İmar ve mülkiyet sorununun çözümünde Milliyetçi Hareket Partisi'nin rolü ile ilgili konuşan Başpınar,"Sarıyer Belediye Meclisi Milliyetçi Hareket Partisi Meclis Üyesi Mehmet Delihasan'ın mülkiyet ve imar sorunu ile ilgili ciddi çalışmaları var. Fakat bu problem çok köklü olduğu için gelip bir anda konuya vakıf olmak mümkün değil. Sıkıntılardan biri de buradan çıkıyor. Her mahallenin faklı sorunları var. Mahalleler maalesef bir arada olamıyorlar. 4-5 mahallenin temsilcileri bir araya geliyor, diğer taraftan tek mahallenin temsilcileri var. Sorunu bilmeden çözüm geliştirmek mümkün değil. Her mahallenin sorunu farklı olduğu için kendi içlerinde çözülmesi gerektiğini düşünüyorum. Mülkiyet sorunu adı altında tek başlıkta toplansa da içerisinde farklı konular bulunuyor. Vakıf, üniversite, Kızılay, devlet, 3. şahıs arazileri olduğu için her mahalle için aynı yol izlenemiyor. Sarıyer Mahalleler Birliği ile bir görüşme yaptım. Onların sorunları büyük ölçüde İBB ile. Fakat FSM'deki sıkıntı İTÜ ile.Milliyetçi Hareket Partisi olarak Türk Milleti'nin yanındayız. Tüm sorunlar ile mücadele edecek enerjimiz ve gücümüz var.
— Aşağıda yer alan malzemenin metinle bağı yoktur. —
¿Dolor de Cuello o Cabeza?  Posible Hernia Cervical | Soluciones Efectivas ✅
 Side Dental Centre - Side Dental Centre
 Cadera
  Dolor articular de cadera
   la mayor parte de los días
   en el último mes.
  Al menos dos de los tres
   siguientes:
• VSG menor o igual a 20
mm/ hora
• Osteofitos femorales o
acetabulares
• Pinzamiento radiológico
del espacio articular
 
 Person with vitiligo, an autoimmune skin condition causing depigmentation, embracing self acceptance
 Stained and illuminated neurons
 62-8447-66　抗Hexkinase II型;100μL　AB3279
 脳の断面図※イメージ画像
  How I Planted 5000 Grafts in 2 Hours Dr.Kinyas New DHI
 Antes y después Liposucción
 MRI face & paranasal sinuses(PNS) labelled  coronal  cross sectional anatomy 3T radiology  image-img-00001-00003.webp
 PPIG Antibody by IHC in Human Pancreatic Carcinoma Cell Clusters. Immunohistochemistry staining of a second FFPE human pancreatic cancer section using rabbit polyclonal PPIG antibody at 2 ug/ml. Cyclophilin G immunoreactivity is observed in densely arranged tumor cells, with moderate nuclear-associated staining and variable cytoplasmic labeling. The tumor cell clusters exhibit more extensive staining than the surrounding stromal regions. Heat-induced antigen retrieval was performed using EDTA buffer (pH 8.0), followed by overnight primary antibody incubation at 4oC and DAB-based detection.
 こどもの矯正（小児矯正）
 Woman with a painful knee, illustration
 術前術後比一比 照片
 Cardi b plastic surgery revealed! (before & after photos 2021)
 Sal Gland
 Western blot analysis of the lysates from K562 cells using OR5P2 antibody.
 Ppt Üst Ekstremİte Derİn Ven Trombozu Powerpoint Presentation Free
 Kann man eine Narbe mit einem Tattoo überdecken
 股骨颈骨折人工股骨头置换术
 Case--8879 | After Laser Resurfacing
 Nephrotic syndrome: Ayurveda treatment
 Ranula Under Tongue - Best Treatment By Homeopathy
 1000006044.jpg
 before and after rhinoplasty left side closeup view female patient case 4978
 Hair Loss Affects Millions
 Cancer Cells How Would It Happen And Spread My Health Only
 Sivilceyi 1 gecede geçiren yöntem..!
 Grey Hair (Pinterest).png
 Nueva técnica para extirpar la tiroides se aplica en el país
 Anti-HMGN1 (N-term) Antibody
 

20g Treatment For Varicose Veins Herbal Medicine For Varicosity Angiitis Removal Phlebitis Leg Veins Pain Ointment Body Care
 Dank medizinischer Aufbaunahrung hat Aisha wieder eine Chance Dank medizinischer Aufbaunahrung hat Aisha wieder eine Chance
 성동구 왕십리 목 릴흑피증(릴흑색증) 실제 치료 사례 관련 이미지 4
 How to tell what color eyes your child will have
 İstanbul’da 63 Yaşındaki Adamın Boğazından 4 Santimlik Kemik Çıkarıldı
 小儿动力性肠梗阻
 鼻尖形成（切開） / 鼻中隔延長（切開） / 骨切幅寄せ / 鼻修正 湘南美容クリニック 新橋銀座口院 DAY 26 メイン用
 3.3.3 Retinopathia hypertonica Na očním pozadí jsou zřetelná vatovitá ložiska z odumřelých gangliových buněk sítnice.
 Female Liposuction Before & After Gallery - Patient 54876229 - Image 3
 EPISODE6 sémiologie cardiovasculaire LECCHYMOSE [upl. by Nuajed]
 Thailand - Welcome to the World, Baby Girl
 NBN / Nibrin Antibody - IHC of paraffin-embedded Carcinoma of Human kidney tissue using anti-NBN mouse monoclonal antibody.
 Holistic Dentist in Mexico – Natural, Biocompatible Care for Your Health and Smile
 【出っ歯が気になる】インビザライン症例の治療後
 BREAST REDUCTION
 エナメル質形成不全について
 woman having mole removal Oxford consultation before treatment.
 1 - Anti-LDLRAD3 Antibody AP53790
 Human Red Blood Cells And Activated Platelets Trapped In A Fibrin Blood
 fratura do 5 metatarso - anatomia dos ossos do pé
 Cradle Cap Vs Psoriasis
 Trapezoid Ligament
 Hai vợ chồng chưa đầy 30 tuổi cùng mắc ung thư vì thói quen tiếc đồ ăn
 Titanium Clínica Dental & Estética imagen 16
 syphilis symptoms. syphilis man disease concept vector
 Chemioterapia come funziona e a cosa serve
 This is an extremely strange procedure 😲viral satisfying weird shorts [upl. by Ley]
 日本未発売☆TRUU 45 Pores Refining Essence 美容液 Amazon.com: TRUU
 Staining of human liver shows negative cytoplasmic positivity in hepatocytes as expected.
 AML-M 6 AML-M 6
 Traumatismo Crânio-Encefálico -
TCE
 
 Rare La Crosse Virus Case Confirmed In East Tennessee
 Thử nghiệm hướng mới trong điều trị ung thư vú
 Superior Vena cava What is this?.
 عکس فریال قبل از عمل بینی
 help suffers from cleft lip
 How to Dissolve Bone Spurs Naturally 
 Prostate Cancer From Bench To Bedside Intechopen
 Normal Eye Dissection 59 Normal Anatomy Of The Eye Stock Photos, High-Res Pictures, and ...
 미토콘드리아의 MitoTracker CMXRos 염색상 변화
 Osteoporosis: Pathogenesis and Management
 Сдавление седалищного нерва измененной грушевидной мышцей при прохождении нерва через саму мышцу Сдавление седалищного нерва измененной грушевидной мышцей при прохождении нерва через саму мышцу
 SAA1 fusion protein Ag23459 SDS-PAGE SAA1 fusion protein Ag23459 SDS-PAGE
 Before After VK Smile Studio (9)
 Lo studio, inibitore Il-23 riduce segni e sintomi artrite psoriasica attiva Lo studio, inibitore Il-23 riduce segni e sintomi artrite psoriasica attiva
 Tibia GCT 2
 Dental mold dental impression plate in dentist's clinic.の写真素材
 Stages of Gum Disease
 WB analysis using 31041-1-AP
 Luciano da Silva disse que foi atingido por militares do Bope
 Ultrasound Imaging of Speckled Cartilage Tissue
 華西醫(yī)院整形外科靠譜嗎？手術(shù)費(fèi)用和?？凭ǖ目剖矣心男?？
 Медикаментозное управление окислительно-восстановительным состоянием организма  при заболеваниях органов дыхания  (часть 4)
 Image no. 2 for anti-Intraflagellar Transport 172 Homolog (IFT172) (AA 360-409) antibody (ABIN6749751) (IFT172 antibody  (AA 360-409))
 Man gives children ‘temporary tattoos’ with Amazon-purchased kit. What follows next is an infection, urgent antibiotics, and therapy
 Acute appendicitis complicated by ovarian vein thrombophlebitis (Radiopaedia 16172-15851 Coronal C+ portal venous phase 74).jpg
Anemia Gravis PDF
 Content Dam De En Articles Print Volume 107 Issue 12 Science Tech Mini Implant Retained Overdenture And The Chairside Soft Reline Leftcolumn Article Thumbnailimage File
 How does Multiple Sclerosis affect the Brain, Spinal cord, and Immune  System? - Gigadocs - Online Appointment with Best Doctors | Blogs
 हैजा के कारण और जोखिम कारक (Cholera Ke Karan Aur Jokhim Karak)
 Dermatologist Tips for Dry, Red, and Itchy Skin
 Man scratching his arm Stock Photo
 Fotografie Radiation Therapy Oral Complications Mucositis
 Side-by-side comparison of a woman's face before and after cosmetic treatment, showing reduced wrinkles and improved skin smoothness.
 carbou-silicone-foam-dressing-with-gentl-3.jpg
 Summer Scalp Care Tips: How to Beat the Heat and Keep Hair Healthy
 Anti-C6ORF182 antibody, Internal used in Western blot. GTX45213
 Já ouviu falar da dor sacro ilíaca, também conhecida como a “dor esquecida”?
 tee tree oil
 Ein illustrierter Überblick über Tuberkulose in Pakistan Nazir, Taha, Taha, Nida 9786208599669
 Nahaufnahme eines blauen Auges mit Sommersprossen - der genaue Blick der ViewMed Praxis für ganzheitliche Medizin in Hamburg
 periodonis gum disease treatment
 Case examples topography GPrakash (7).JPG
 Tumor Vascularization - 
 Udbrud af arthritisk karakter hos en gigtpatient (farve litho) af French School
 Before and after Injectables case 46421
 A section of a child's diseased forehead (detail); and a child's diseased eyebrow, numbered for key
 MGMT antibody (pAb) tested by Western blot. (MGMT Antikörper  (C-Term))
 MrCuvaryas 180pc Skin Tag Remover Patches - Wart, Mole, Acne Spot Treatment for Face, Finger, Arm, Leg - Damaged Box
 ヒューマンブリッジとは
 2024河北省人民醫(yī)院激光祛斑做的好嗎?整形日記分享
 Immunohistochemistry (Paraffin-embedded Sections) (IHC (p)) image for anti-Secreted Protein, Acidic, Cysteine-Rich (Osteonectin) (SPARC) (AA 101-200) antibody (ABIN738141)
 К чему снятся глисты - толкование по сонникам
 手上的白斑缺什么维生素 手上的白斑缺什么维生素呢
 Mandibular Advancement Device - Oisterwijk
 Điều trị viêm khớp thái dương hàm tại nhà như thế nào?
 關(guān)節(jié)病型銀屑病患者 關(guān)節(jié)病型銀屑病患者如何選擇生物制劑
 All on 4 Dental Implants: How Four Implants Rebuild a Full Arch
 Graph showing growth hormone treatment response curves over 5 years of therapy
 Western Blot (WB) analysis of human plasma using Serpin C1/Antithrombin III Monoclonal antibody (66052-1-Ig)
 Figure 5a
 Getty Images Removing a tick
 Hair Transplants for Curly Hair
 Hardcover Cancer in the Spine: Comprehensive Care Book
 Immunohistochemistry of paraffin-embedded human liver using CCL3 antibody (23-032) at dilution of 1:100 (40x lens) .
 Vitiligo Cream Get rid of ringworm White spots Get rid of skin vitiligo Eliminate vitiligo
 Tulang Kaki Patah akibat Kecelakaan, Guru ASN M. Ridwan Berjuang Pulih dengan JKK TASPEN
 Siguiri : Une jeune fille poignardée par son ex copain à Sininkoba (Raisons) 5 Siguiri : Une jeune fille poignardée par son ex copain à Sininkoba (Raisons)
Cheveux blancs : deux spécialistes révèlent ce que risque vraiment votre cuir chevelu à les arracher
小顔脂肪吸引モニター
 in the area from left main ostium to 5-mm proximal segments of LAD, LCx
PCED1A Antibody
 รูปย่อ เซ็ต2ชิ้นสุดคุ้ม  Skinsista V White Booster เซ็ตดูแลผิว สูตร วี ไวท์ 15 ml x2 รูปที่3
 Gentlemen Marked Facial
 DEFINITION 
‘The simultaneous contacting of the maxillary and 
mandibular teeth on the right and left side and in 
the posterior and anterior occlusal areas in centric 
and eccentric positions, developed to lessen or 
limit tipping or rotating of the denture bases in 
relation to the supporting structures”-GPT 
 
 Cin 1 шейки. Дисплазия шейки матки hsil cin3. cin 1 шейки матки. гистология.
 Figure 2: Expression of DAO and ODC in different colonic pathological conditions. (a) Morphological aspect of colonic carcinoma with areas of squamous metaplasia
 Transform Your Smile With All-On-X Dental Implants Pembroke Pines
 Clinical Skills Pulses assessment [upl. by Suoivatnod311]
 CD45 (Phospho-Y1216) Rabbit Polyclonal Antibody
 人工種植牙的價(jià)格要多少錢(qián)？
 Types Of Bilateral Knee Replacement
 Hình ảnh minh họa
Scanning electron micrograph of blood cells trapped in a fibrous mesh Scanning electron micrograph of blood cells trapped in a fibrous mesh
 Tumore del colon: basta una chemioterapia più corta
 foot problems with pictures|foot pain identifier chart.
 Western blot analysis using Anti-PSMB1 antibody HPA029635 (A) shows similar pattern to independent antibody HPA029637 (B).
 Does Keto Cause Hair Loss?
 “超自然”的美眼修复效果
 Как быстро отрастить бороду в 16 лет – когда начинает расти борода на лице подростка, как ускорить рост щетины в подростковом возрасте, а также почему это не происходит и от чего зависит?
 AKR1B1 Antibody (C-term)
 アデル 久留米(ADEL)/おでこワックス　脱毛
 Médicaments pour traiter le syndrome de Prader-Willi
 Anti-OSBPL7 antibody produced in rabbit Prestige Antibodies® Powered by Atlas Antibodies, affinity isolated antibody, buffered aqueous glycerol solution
"BEN DE MÜLKİYET SORUNU MAĞDURUYUM"

Yapı Kayıt Belgesi ile ilgili konuşan Başpınar, "Öncelikle Yapı Kayıt Belgesinin amacına bakmak lazım. Bu belgeyi incelediğimizde Fatih Sultan Mehmet Mahallesi'nin sorunu ile ilgili ne kadar önemli olduğunu görüyoruz. Bu mahallede belli bir tarihte konut sayımı yapıldı. O tarihte Çevre Şehircilik Bakanlığı'nın harita üzerinde kendi beyanınca  3 bin 400 konut tespit edildi. Fakat Mahalle halkının itirazı sonucunda danıştayın yerinde tespit kararı ile 9017 bağımsız konut şeklinde karar verildi. Mahalle sakinleri de haklı olarak 'Biz de 9017 konut var' diyor. Ancak daha önce açılan davalar devam ettiği için o dönemdeki verilere bakılıyor. Bilirkişinin mahallede yaptığı son incelemede 9017 binden fazla konutun olduğu tescil edildi. Devletin yaptığı hamle mevcut olan yapıları kayıt altına almak. Olası bir davada FSM Mahallesi sakinleri ellerindeki belgeyi çıkarıp devletin kendilerine verdikleri kayıt belgesini gösterecekler. Kayıt dışı olan binaların kayıt altına alınması bizim için çok önemli. Bunun için herkesin bu belgeyi alması gerektiği ifade edildi. Açıkçası imkanı olanların başvuru yapması gerektiğini söylemiştim. Ben de mülkiyet sorunu mağduruyum. FSM'de yaşıyorum ve Yapı Kayıt Belgesi aldım. Çünkü elimizde başka resmi bir evrak yok" ifadelerini kullandı.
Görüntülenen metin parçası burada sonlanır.